Saint Michael the Archangel and Saint Stanislaus the Bishop and Martyr Basilica, also known as Skałka, which means "a small rock" in Polish, is a small outcrop in Kraków atop of which a Pauline monastery is located, a place where the Bishop of Kraków saint Stanislaus of Szczepanów was slain by order of Polish king Bolesław II the Bold in 1079. This action resulted in the king's exile and the eventual canonization of the slain bishop.

History 

Located on the Vistula River south of Wawel, Skałka was part of the island city of Kazimierz until the nineteenth century, when the Old Vistula River was filled in.

The original church was built in the Romanesque style. King Casimir III replaced it with a Gothic church, and since 1472 that shrine has been in the possession of a monastic community of Pauline Fathers. In 1733-51 the church received a Baroque decor. It is one of the most famous Polish sanctuaries.

The Pauline "Church on the Rock" is primarily associated with the martyrdom of Saint Stanisław of Szczepanów. Each newly elected King of Poland made a pilgrimage to Skałka on the eve of his coronation as penance for the disgraceful action of his predecessor who had personally killed St. Stanisław.

Interior 

The crypt underneath the church serves as one of Poland's "National Panthéons" (alongside the Wawel Cathedral, St. John's Archcathedral and the Church of Saint Peter and Paul), a burial place for some of the most distinguished Poles, particularly those who lived in Kraków.

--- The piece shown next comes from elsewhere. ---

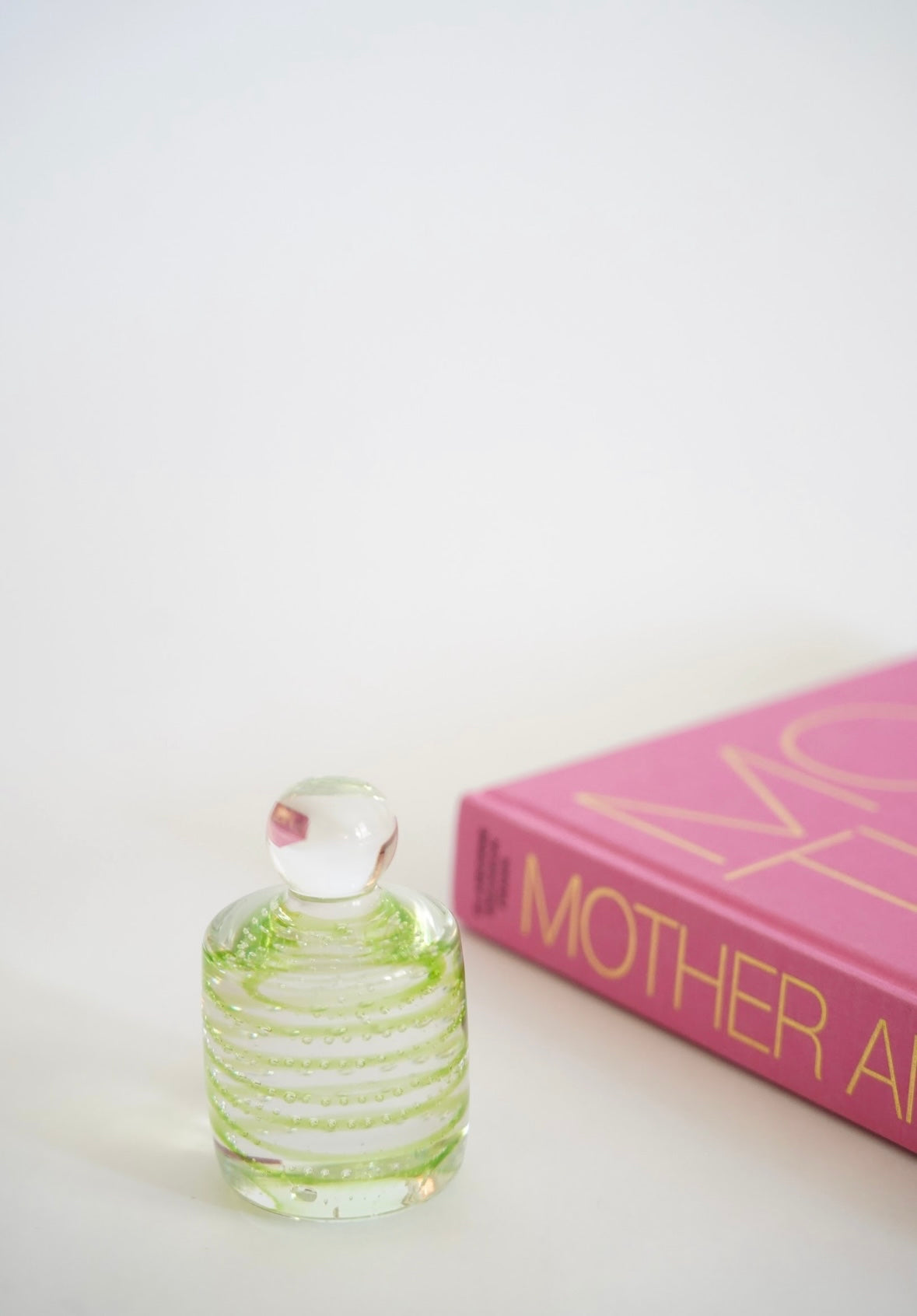 MID CENTURY GREEN GLASS PAPERWEIGHT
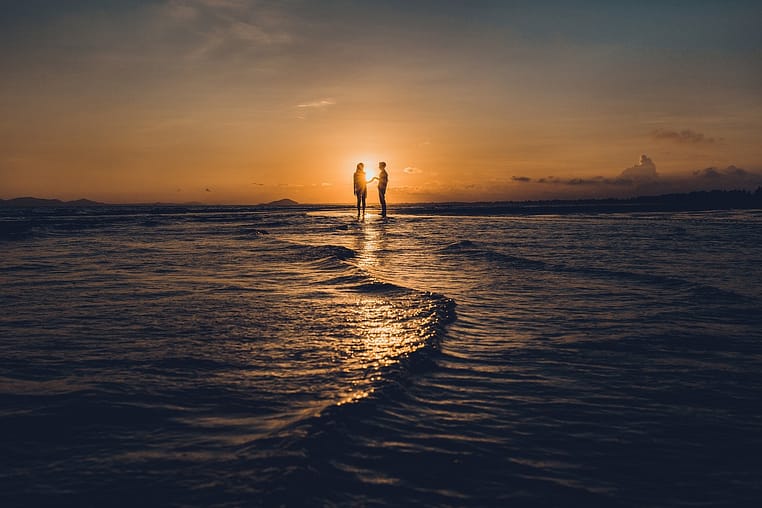 beach-7087722_1280 Couple walking on the beach at sunet while on a vacation that supports their love languages.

 Jan Długosz (1415–1480), diplomat and historian
 Wincenty Pol (1807–1872), poet, geographer and freedom fighter
 Lucjan Siemieński (1809–1877), poet, writer and freedom fighter
 Józef Ignacy Kraszewski (1812–1887), writer and historian
 Teofil Lenartowicz (1822–1893), poet and sculptor
 Adam Asnyk (1838–1897), poet, playwright and freedom fighter
 Henryk Siemiradzki  (1843–1902), painter
 Stanisław Wyspiański (1869–1907) poet, playwright and painter
 Jacek Malczewski (1854–1929), painter
 Karol Szymanowski (1882–1937), composer and pianist
 Ludwik Solski (1855–1954), theatre actor and director
 Tadeusz Banachiewicz (1882–1954), astronomer and mathematician
 Czesław Miłosz (1911–2004), poet and essayist, Nobel Prize recipient

Exterior 

Outside the church is the Well of Saint Stanislaus.  According to legend, this well is where King Bolesław discarded the bishop's dismembered body, which then miraculously reassembled.  Water from the well is dispensed from a fountain for pilgrims to drink.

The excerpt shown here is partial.